Security¶
Encryption¶
- RDS — storage is always encrypted (AWS-managed key by default, or
storage_encryption_key_arn). - EFS — always encrypted (AWS-managed key by default, or
efs_encryption_key_arn). - In transit — the ALB terminates TLS with an ACM certificate validated in your Route 53 zone; SES SMTP uses TLS on port 587.
Secrets¶
All sensitive values live in AWS Secrets Manager, readable only by the EC2 instance role:
| Secret | Contents | Manager |
|---|---|---|
| App key | BookStack APP_KEY | module.bookstack_app_key |
| DB master credentials | RDS-managed master username/password | module.rds (AWS-managed) |
| SES SMTP password | SES SMTP password | module.ses_smtp_password |
| Google OAuth client secret | OAuth client secret | supplied by the caller (google_oauth_client_secret) |
The instance-profile IAM policy (datasources.tf) grants secretsmanager:GetSecretValue on exactly these four secret ARNs — nothing broader.
Master credential scope
The RDS module uses an AWS-managed master password, and the application reads it via the database_secret_name. This means the EC2 role can read the database master/superuser credential rather than a narrowly-scoped application user. If you require least-privilege DB access, provision a dedicated application user as a follow-up and point BookStack at it.
Network posture¶
- The RDS security group (managed by
module.rds) allows MySQL only from within the VPC CIDR. - The EFS security group allows NFS only from within the VPC CIDR.
- SSH is closed by default; open it explicitly with
ssh_cidr_block(+key_pair_name).
Email sending restrictions¶
The SES IAM user's policy restricts the FromAddress to the Route 53 zone domain, so the instances cannot send mail from arbitrary domains. The SMTP IAM access key auto-rotates on the smtp_key_rotation_days schedule.

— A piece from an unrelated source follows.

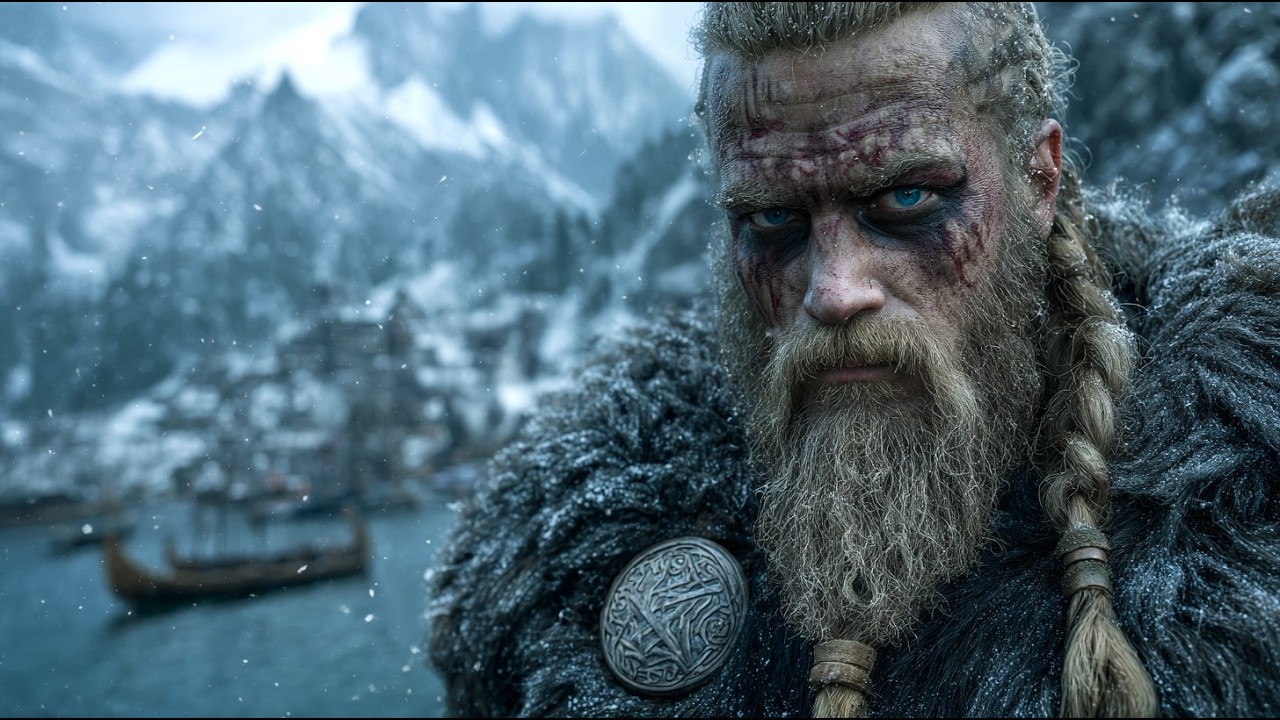 Viking Music for Focus - The Wanderer’s Journey Through the Frozen Fjords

Application artifact (supply chain)¶
bookstack_prebuilt_package_url is downloaded over HTTPS at boot and unpacked into the application's vendor/ directory. It is integrity-checked: the boot-time pre_runcmd verifies the download against bookstack_prebuilt_package_sha256 and, on a mismatch (a tampered or replaced object, or a corrupt download), deletes the file and fails the bootstrap — so untrusted code is never unpacked into the application. This also pins the content: swapping the object without updating the hash will fail verification rather than silently ship new code.

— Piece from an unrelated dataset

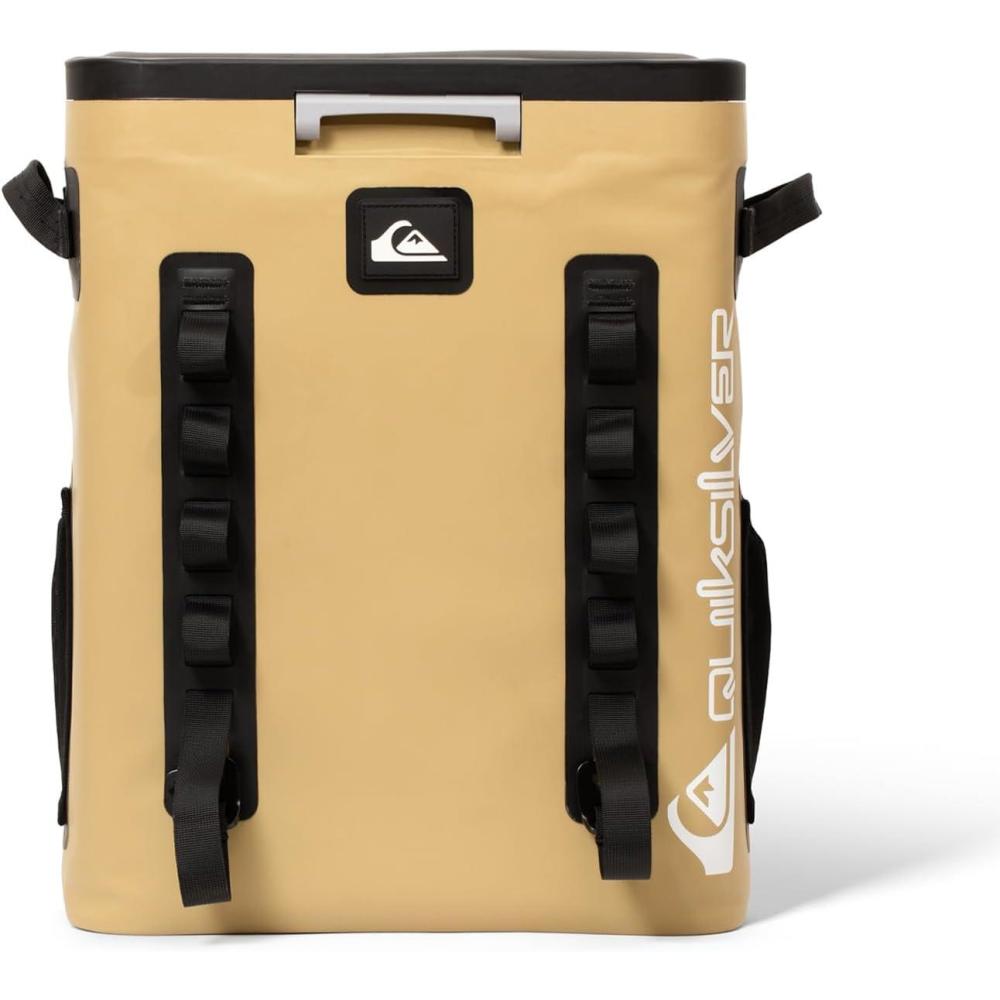 imageQuiksilver Zipperless Backpack Cooler 30L Holds 36 Cans 48 Hour Insulation Leakproof ampamp Waterproof Design Heavy Duty TPU IPX7 Padded Straps Kangaroo Pockets Bottle OpenerCornstalk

Still treat the hosting location as a supply-chain dependency:
- Serve it from a location you control and whose write access is restricted.
- Keep
bookstack_prebuilt_package_urlandbookstack_prebuilt_package_sha256updated together. - Setting
bookstack_prebuilt_package_sha256 = nulldisables verification (not recommended); settingbookstack_prebuilt_package_url = nullfalls back to building dependencies at boot instead.
Provider isolation¶
The aws.dns aliased provider lets Route 53 records be managed in a separate account from the application resources, supporting an isolated DNS account if your organization uses one.